Creating a topology file

Overview

Teaching: 30 min
Exercises: 0 min
Questions
  • How do I create a topology file for my system?

Objectives
  • Understand packmol input files

  • Use VMD to generate a LAMMPS data file

PACKMOL

PACKMOL can create an initial point for MD simulations by packing molecules in defined regions of space. Installation instructions can be found in the user guide.

To pack a new system you will need a packmol input script and topology files for however many molecules your system has. The molecule topology files are commonly .xyz files, but packmol also accepts .pdb, moldy, and tinker.

As an example in this lesson, we will use water.xyz and ethanol.xyz, see the end of this section for the full file.

PACKMOL input script

A minimum input script must contain:

The distance tolerance required

tolerance 2.0

measured in angstrom, 2.0 is a good value for atomistic simulations, you may want to use higher values for coarse-grained systems.

The name of and file type for the output file:

output water_ethanol_mix.xyz
filetype xyz

the default file type is pdb, packmol also accepts xyz, tinker, and moldy.

And at least one molecule, using a structure ... end structure section. In this example, we will have two.

structure water.xyz
  number 1300
  inside cube 15. 15. 30. 50.
end structure

The first line starts the structure section, and selects which file to read the molecule from, in this case water.xyz. Then number selects how many molecules the final system will have. The next line, the constraint, selects how the molecules will be arranged in the final system, in this case, on a cube, with side 50 angstrom, and with origin at (15, 15, 30).

You can then run the script using the packmol command as so:

packmol < pack.inp

This results in a cube of water molecules as so:

/archer2-intro-to-lammps/Cube%20of%20water%20molecules.

There are several types of constraints available: fixed, constrain rotations, combinations of inside/outside with cube/box/sphere/ellipsoid/cylinder, as well as combinations of above/below with plane/xgauss. Descriptions of all of these types can be found in the manual.

You can also combine constrains, for example, here we constrain the ethanol molecules to be in a square prism, with 1 < x < 79, 1 < y < 79, and 1 < z < 109, but outside the cube where the water molecules are.

structure ethanol.xyz
  number 1300
  inside box 1. 1. 1. 79. 79. 109.
  outside cube 15. 15. 30. 50.
end structure

The extra angstrom around the outermost limits allows the later application of periodic boundary conditions without creating bonds between atoms of different molecules.

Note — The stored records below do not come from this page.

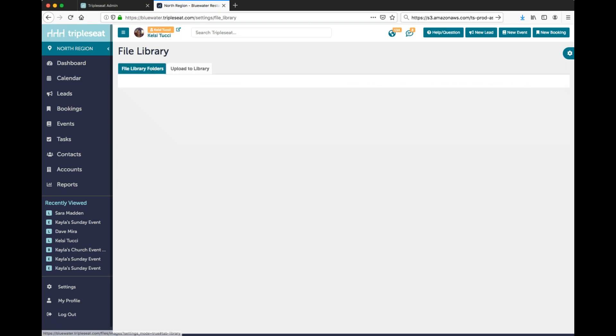In your file library we recommend storing any files that you send out to your client. For example, you can upload and store your menus, pictures of your venue, or files of any food and beverage that you serve and you'd like to show.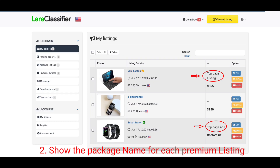The next customization is adding a feature to enable the name of the package displayed next to the listing on the listings page. If you look at the original script demo, you will not see this feature. In fact, there's no way to know the particular premium package a listing is listed under. So what I've done here is to enable this feature to show the name of the package a premium listing is listed under.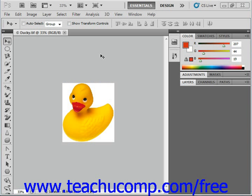Once you have an image open in Photoshop, you'll need to be able to zoom in and out to precisely edit it. This is one technique that you'll have to master in order to work effectively in Photoshop.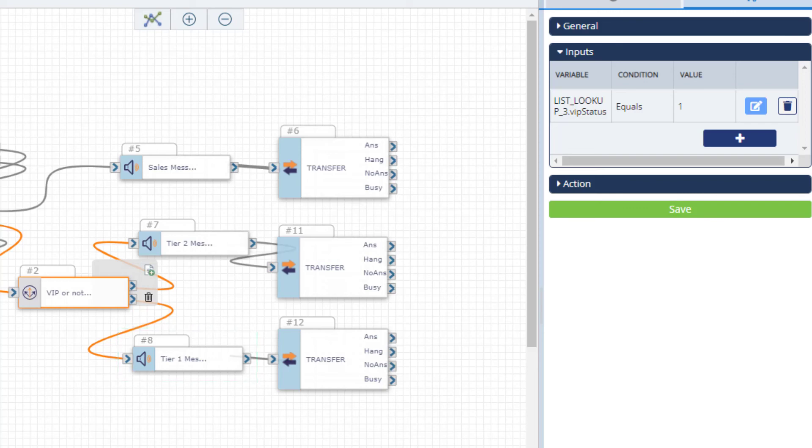Multiple conditions can be specified in a single condition action, but all must be true for the action to route on the all conditions true path.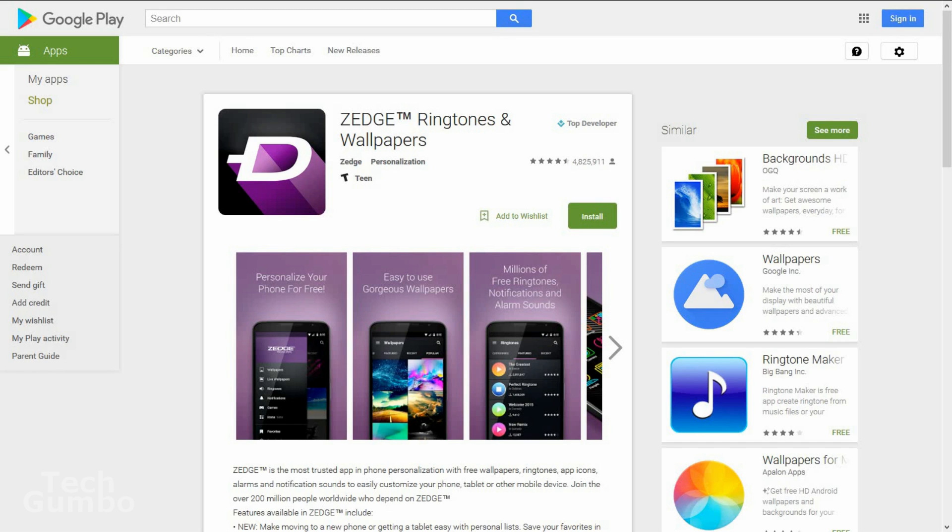One downside to it being free is that it is ad supported. I've never found the ads to be too intrusive though. So my recommendation is to check this app out if you haven't done so already.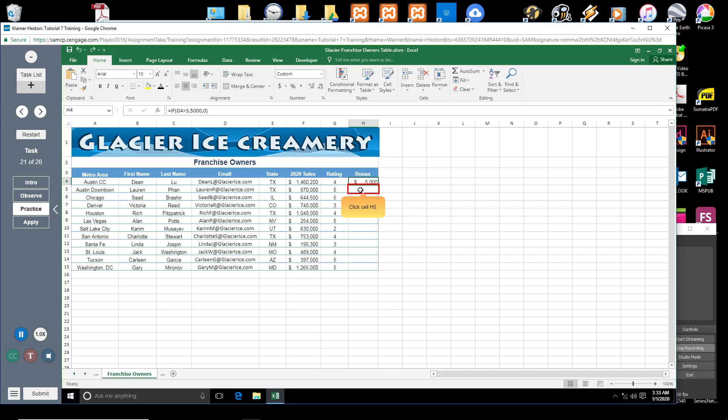Click cell H5. You want to run an existing macro, the bonus macro, to determine the owner's bonus, if any.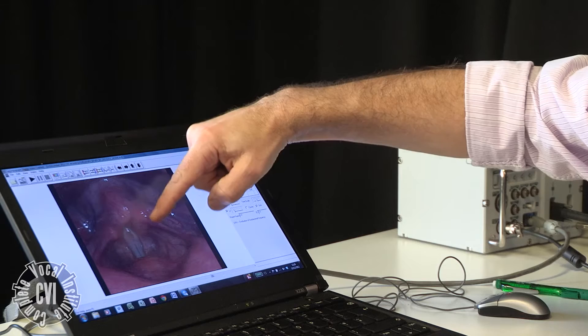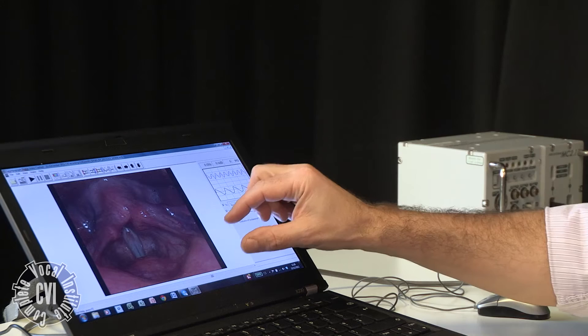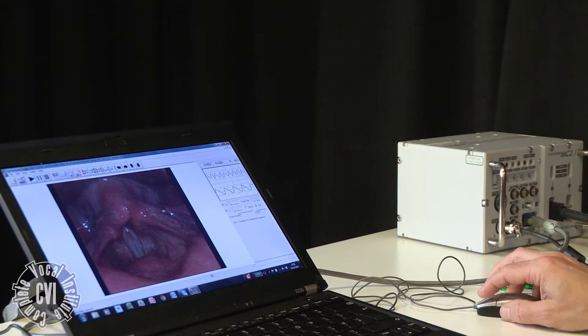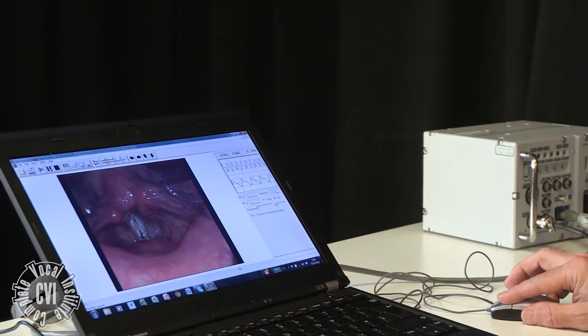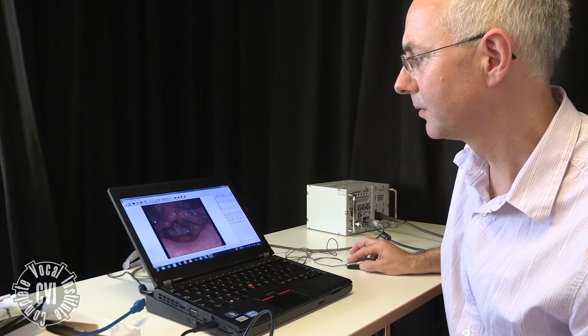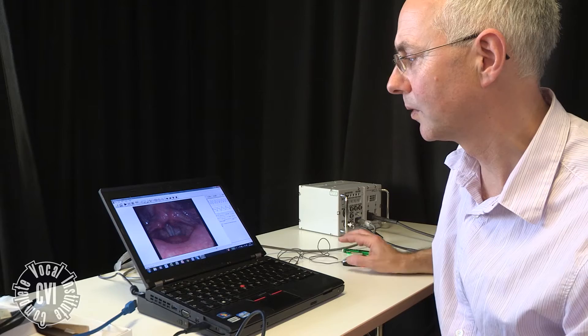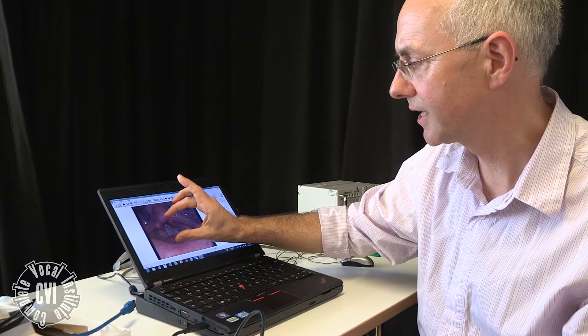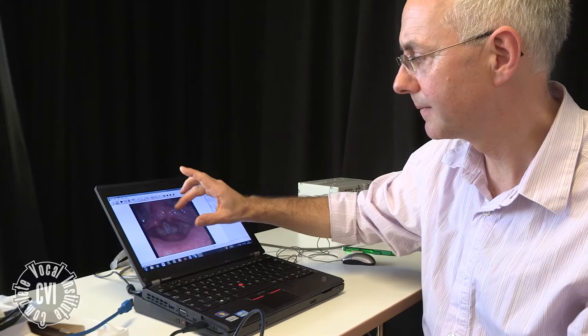You've got the false cords on either side and you've got the ariepiglottic folds between the cartilages, which are called the arytenoids, and the epiglottis here. We look at the vocal folds and how they vibrate, and we can see them vibrating because we're using the stroboscopic light. This is an example of a singer producing overdrive, and what we see particularly is a degree of narrowing between the cartilages at the back and the epiglottis, and it looks a little oblong in structure.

The resulting system looks like the following:

/archer2-intro-to-lammps/Prism%20with%20ethanol%20and%20water%20molecules.

We now have a .xyz with coordinates for all molecules. In the next section, we will use VMD to automatically create the bonds, angles, and dihedral connections in each molecule, and write a LAMMPS data file.

Tip

To solvate large molecules/particles (for example, polymers), it is considerably faster to do multi-step packing, with different input files, one per molecule type, and using the fixed constraint for the topology with the already packed molecules.

Example:

tolerance 2.0
output polymers_with_water.xyz
filetype xyz
structure packed_polymers.xyz
  number 1
  fixed 0. 0. 0. 0. 0. 0.
end structure
structure water.xyz
  number 1300
  inside cube 1. 1. 1. 99.
end structure

water.xyz

The topology file for water.

Expand for full file

3
Water molecule
WO          0.00000        0.00000        0.11779
WH          0.00000        0.75545       -0.47116
WH          0.00000       -0.75545       -0.47116

ethanol.xyz

The topology file for ethanol.

Expand for full file

9
Ethanol
  EHC      1.8853     -0.0401      1.0854
  ECH      1.2699     -0.0477      0.1772
  EHC      1.5840      0.8007     -0.4449
  EHC      1.5089     -0.9636     -0.3791
  ECO     -0.2033      0.0282      0.5345
  EHA     -0.4993     -0.8287      1.1714
  EHA     -0.4235      0.9513      1.1064
  EOH     -0.9394      0.0157     -0.6674
  EHO     -1.8540      0.0626     -0.4252

pack.inp

The PACKMOL input script

Expand for full file

tolerance 2.0

output water_ethanol.xyz
filetype xyz

structure water.xyz
  number 1300
  inside cube 15. 15. 30. 50.
end structure

structure ethanol.xyz
  number 1300
  inside box 1. 1. 1. 79. 79. 109.
  outside cube 15. 15. 30. 50.
end structure

Converting a .xyz file to a LAMMPS data file with VMD

To do this, you will need access to working VMD binary.

Almost every command shown in this section can be used directly in the tk console (Extensions > TK Console), or in the terminal where VMD was called from. However, here we will show how to write them in text files, and then having VMD sourcing (reading) the files and running all the commands in succession.

The overall process to follow is:

Since we have two types of molecules in our system, there are two files with commands to assign properties to each molecule’s atoms (ethanol.tcl and water.tcl), and one file with the commands to generate the bond, angle, and dihedral information, as other auxiliary information.

Tip

You can have all of the commands in one single file, but keeping each molecule in a separate file allows for simpler re-use of tcl scripts in later system creation.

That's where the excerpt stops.